Is there a Connection Between Greatness in Math and Philosophy?
I have nothing that looks like an answer, but I wanted to put the question out to start a discussion. I especially hope that this leads to someone here researching the question well. I also have almost nothing to back up the claims below.
I became curious about this from thinking about how to find people who can make progress in MIRI’s Agent Foundations questions. It seems to require very high levels of both math and philosophy, and I want to know how to select for both of these skills simultaneously.
It seems like many of the great mathematicians at least had enough of an interest in philosophy to share their philosophical opinions. Also it appears that the people who substantial progress in philosophy often use math. (There are of course disagreements about what makes good philosophy, and I am biased in favor of the mathematical flavored philosophy.)
I am especially surprised by the fact that the tails seem to come together rather than apart. It seems like mediocre mathematicians and philosophers are much less likely to be interested in the other field.
Some possible theories:
1) I am noticing a pattern that is not there.
2) This is a consequence of the fact that all intelligence is correlated, and you will notice a similar pattern between many pairs of fields.

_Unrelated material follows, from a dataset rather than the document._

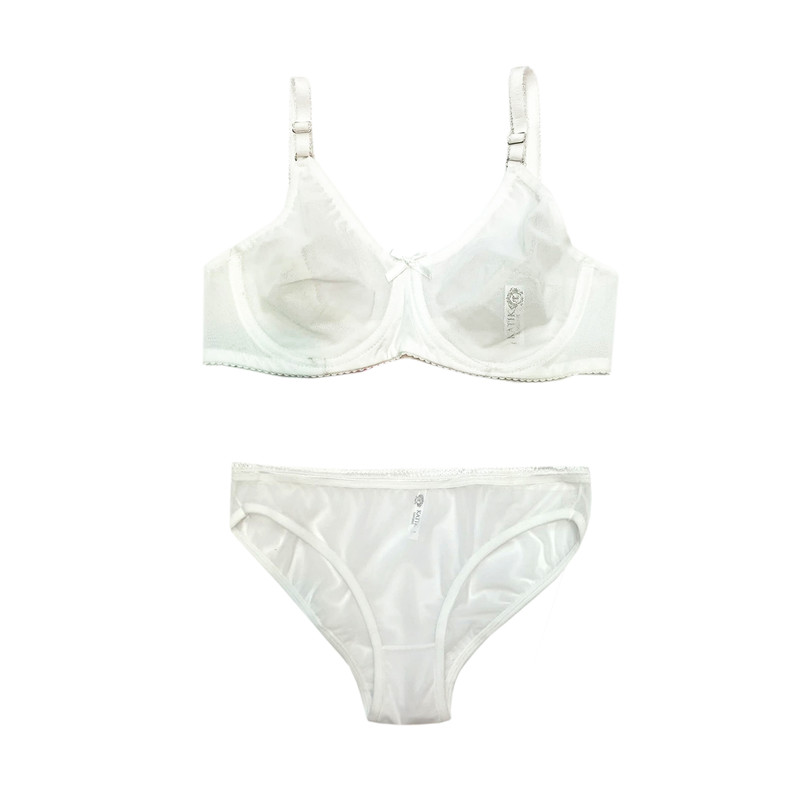 ست شورت و سوتین زنانه مدل پرسی سوزنی فنردار کد 2244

3) Mathematics and Philosophy are very old fields. Historically, fields did not really exist, and people were more interdisciplinary. If you look at modern mathematicians and philosophers, the trend goes away.

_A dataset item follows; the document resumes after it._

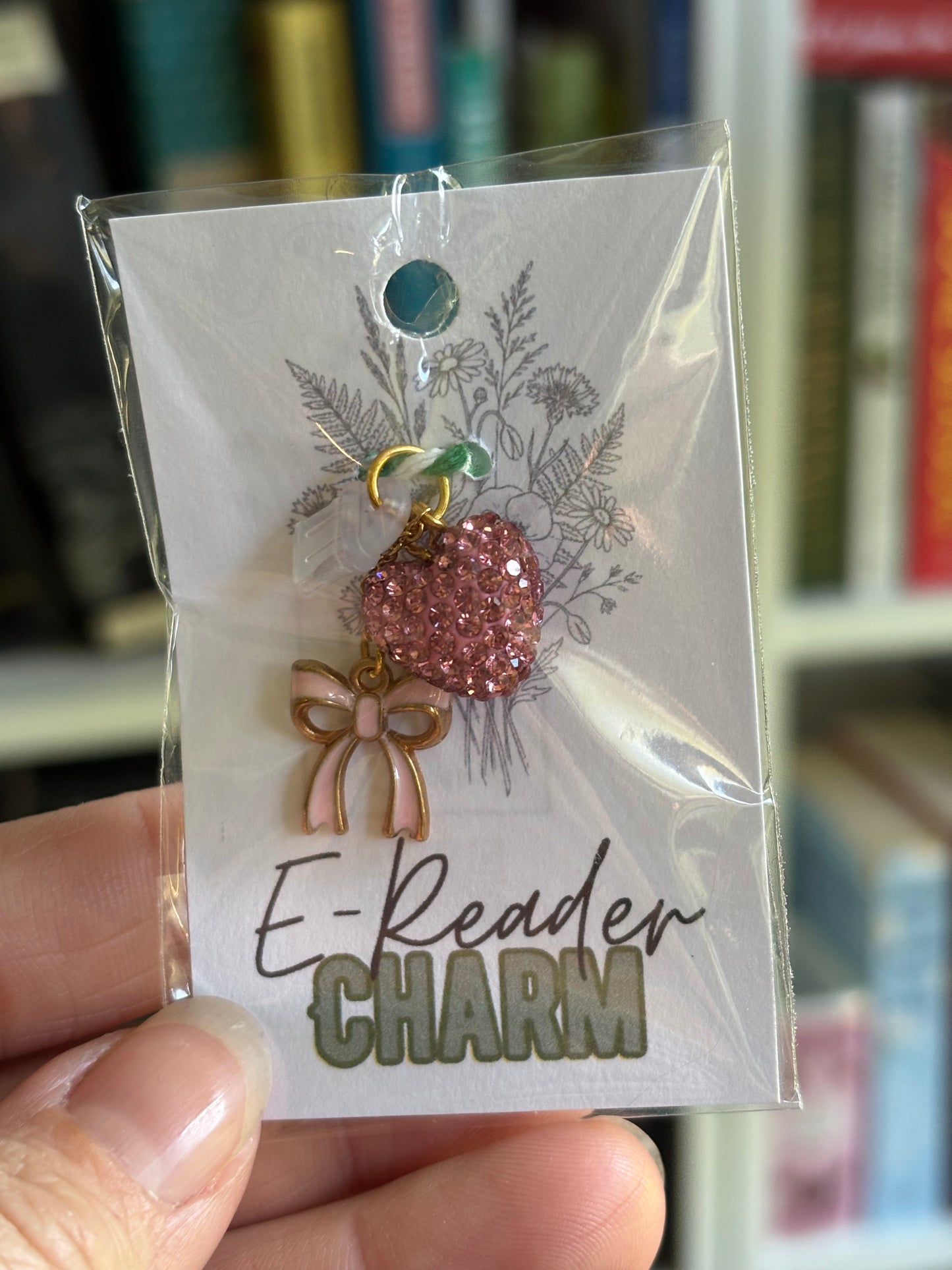 E-Reader Charms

4) The skill to produce great math and skill to produce great philosophy are secretly the same thing. Many people in either field do not have this skill and are not interested in the other field, but the people who shape the fields do.
Thoughts?
I don’t think there’s any place other than math where you can learn how unbelievably creative you get to be in a purely deductive setting. Here are two of my favorite examples:
100 ants crawl left or right on a meter stick at 1 cm/s. When two ants meet, they bounce and both change directions. Ants fall off when they reach the ends. Show that regardless of the starting distribution of ants and directions, they all fall off the stick by the end of 100 seconds. Solution: vaqvivqhny vqragvgl vf na vyyhfvba.
A regular hexagon with side length n is tiled with diamonds of side length 1 (a diamond is two equilateral triangles glued along a side.) Show that there will always be the same number of diamonds in each of the three possible orientations. Solution: gur Neg bs Ceboyrz Fbyivat ybtb.

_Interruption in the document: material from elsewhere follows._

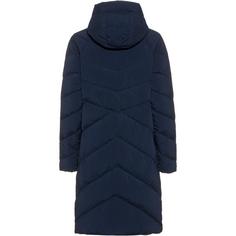 Rückansicht von Jack Wolfskin MARIENPLATZ Daunenmantel Damen night blue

My first thought was your second option, that they both require high IQ and thus being good at one lets you be good at the other.
However, I didn’t agree with the prediction that you’d find this in many other pairs of fields, as many fields require getting a lot of background knowledge before you can contribute. What I’d predict here is that (a) this is fortunately/unfortunately less true in philosophy so mathematicians can easily get to the forefront, and (b) top philosophers who’re interested in mathematics do not do the sort of mathematics that requires many years of training (e.g. they would talk more about what mathematics means, and what it means to prove something).
If you’d found a trend where the top philosophers had been contributing to cutting edge math research that had typically required multiple years of training, that would change my mind (and surprise me).
Training in different disciplines will teach you different skills. Maths is great for leaning to think precisely as if you mess up, someone will be able to show you a formal proof of why you are wrong. In contrast, it is much harder to learn to think precisely purely by studying philosophy as the claims and arguments are less well defined. It’s very hard to get the logic flow clear enough that someone could formally prove that your argument is either logically sound or logically unsound. Without the same feedback loop, your ability to think precisely simply won’t advance as fast.
However, someone who has trained extensively in maths might face the opposite problem of being stuck in that paradigm. Perhaps they want ever claim to be put into a formal model before they are willing to consider it, without understanding that this is too much of a burden for some areas of philosophy and that they would be missing out on valuable lessons.
So I expect this would lead to a bipolar distribution where some mathematical philosophers crash and burn, whilst others soar.
FWIW I have reasonably strong but not-easily-transferable evidence for this, based on observation of how people manipulate abstract concepts in various disciplines. Using this lens, math, philosophy, theoretical computer science, theoretical physics, all meta disciplines, epistemic rationality, etc. form a cluster in which math is a central node, and philosophy is unusually close to math even considered in the context of the cluster.
What do you think of the idea that mathematics is exactly philosophy with consistency and precision carried to logical extremes?
I guess I’ll just add that I made the transition from mathematician to philosopher and, for what it’s worth, the things I learned to be a mathematician do prove useful in doing philosophy in that without mathematics I would not be able to think and write as precisely about ideas as I do. I’m not sure how much correlation there is between the two fields, though, beyond it being typical that people smart enough to do one are smart enough to do the other.